I understand that, as of now. somebody will have to do that, to gather all the Tailwind classes into a CSS class for each component. But, just once.

After that if the core developers update a component, i.e., they add/remove a Tailwind class of a component, they should have to add/remove that property in the hard-coded app.css file. Is linear, not exponential. If somebody changes a classes group line:

# === core_components.ex ===
   class="relative z-50 hidden p-5"    # <--- "p-5" has been added.

Well, go and add that property to the hard-coded class for this component in case --no-tailwind is used:

.sample_modal {
  position: relative;
  z-index: 50;
  display: none;
  padding: 5px;   /* <----- New Line of code */
}

Again, I am very used to allocate memory on top of my functions, and right after that go to the end of the function and free that memory space when no longer needed. So, I don’t see the non-trivial maintenance burden.
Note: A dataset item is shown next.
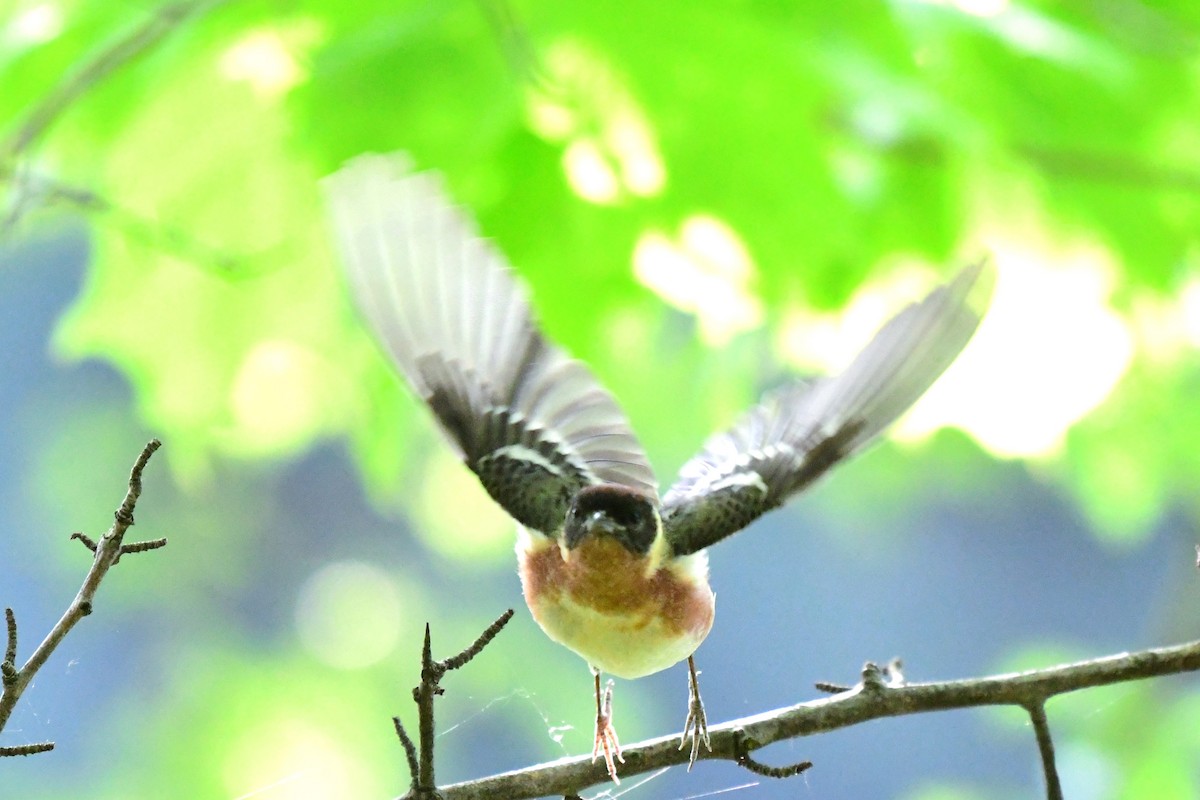 Bay-breasted Warbler - Winston Poon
But don’t put too much attention to my comments. I am just a old - grumpy - non-web-developer having a hard time while starting in Web Development, but still happy Elixir, Phoenix and LiveView exist.

Best regards,

Greg

Can you give some examples? I do agree that doing fairly essential UX things like fixing headers can be a pain—you can’t just fix thead you have to know about stuff like border collapse which is annoying. The biggest thing I’ve had a problem with keeping columns fixed.

With the even changing landscape of the web, some things I say here may be a little outdated but here it is:

Tailwind isn’t just utility classes, it takes care of a whole host of problems presented by vanilla CSS which renders very differently between browsers. Phoenix maintaining a vanilla CSS file means not only thinking about cross-browser, but dealing with all the github issues that are bound to arise. These complaints won’t just be that something isn’t working in some obscure browser but also people taking issue with how the CSS itself is written. People have already taken issue with how the Tailwind classes are used and there is a pretty ironic thing about that which touches on your “Somebody put them there” comment: The Tailwind team itself wrote the Tailwind for Phoenix!
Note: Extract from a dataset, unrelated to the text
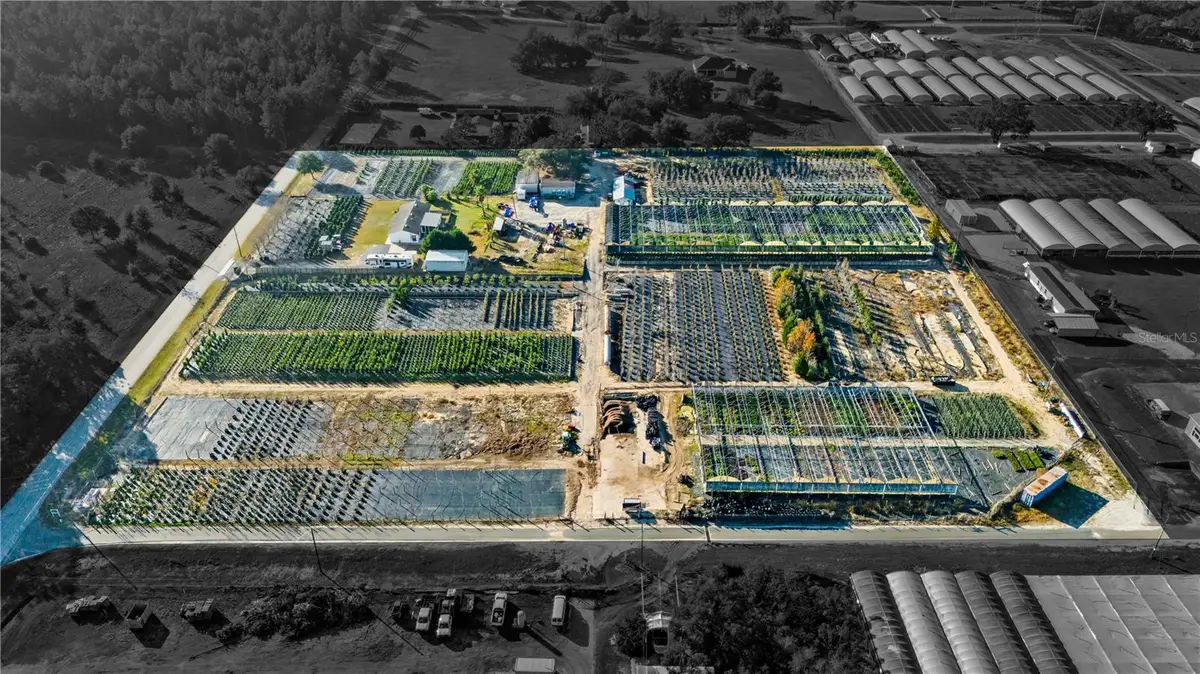 4004 Rex Drive, Winter Garden, FL 34787 - #1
Now, there are solutions for dealing all the hellish browser discrepancies that CSS brings on us, but these mostly involve some form of JS build tool and NPM. Phoenix used to ship with webpack and would configure it and all that and grab stuff from NPM but a couple of years ago they decided to simplify everything by dropping all that. This was smart as it’s pretty much impossible to up the ever changing JS landscape. Instead, it now ships with the base esbuild (no plugins) and vendors topbar.js. Around this same time, the Tailwind team had their back again by releasing the tailwind CLI that didn’t depend on NPM, so that Phoenix users (as well as Laravel and some other frameworks that ship with Tailwind) could get it without having to rely on NPM.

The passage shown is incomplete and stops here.